Mme Claude Rambaud a estimé que le principal bénéfice que l'on peut escompter de la création de l'ordre des infirmiers est une meilleure diffusion des bonnes pratiques, bien que l'exemple de l'ordre des médecins montre que le système n'est pas sans défauts.

II - EXAMEN DU RAPPORT

Réunie le mardi 3 octobre 2006 , sous la présidence de M. Nicolas About , la commission a procédé à l' examen du rapport sur la proposition de loi n° 390 (2005 2006), adoptée par l'Assemblée nationale, portant création d'un ordre national des infirmiers , dont Mme Sylvie Desmarescaux est le rapporteur .

Mme Sylvie Desmarescaux, rapporteur , a indiqué, à titre liminaire, que l'objet de la proposition de loi est de créer un ordre professionnel pour les 450.000 infirmiers exerçant en France, soit un effectif infiniment supérieur à celui des médecins, pharmaciens, sages-femmes, masseurs-kinésithérapeutes et pédicures-podologues en exercice qui disposent déjà d'une structure ordinale pour leur représentation, la fixation des règles déontologiques et le règlement des contentieux disciplinaires. Cette anomalie est d'autant plus étonnante que le rôle des infirmiers dans le système de santé ne cesse de se renforcer.

Elle a insisté sur le besoin de reconnaissance de la profession d'infirmier et sur la nécessité d'un cadre déontologique mieux adapté aux nouveaux enjeux de qualité et de permanence des soins. De fait, le respect des règles éthiques et des bonnes pratiques professionnelles est loin d'être assuré, les principes déontologiques fixés par les décrets de 1993 n'ayant pas été accompagnés par la création d'une instance de contrôle et de sanction.
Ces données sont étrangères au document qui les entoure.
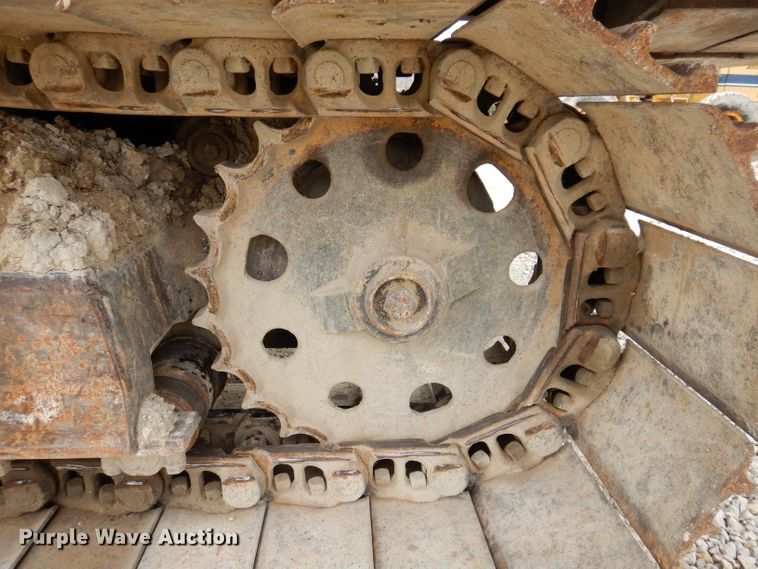 image for item DL5861 1991 Caterpillar 235C  excavator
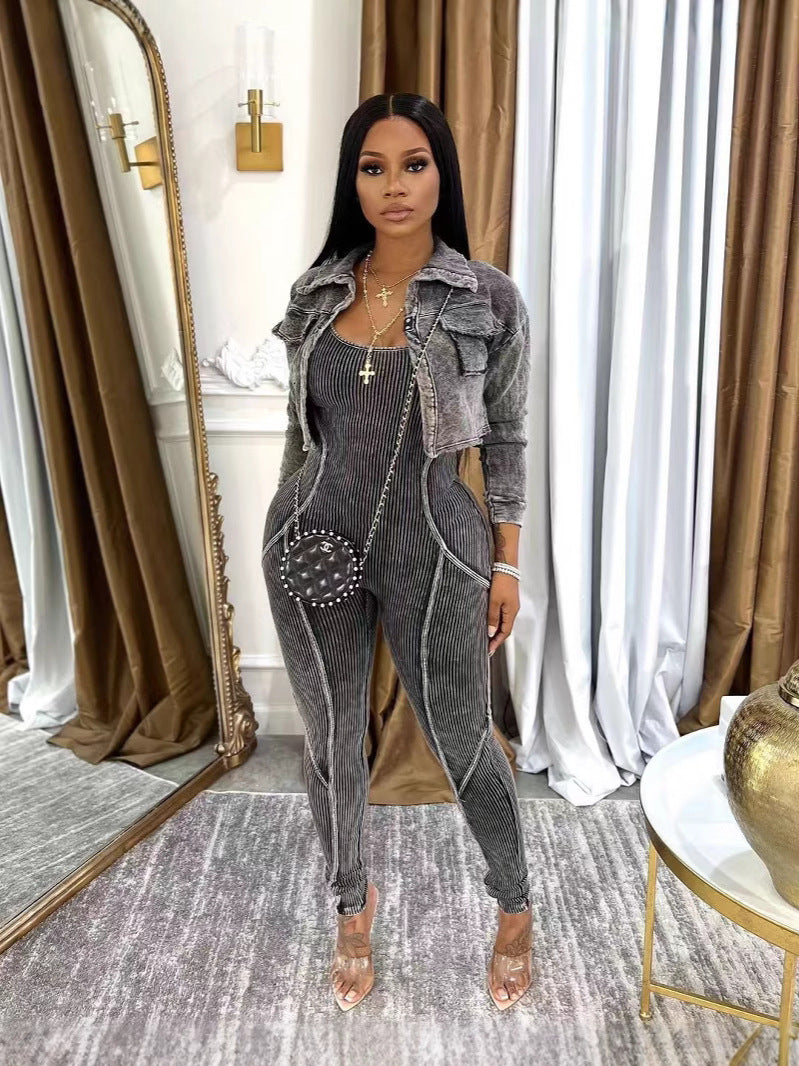 Women's Casual Two-Piece Set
La mise en place d'un ordre professionnel constitue une revendication forte des infirmiers libéraux confrontés, plus que leurs confrères exerçant en établissements de santé, aux carences de la profession en matière de discipline interne et de représentativité. Cette revendication s'est traduite, dans le passé, par plusieurs initiatives parlementaires dont aucune n'a abouti à ce jour en raison des réticences d'une partie de la profession : celle-ci comprend une proportion largement majoritaire d'agents publics travaillant dans les hôpitaux et de salariés des établissements de santé privés qui, soutenue par les syndicats, a longtemps considéré comme inutile et coûteuse la création d'une telle instance, dans la mesure où ils disposent déjà d'un cadre disciplinaire défini par leurs statuts. Ces positions de principe ont toutefois évolué, un consensus s'étant progressivement dégagé sur le caractère insuffisant du système institutionnel actuel, les carences présentées par la procédure disciplinaire et la nécessité de mieux reconnaître l'identité et la compétence professionnelle des infirmiers. La proposition de loi adoptée par l'Assemblée nationale le 13 juin 2006 constitue la traduction législative de ce nouveau consensus.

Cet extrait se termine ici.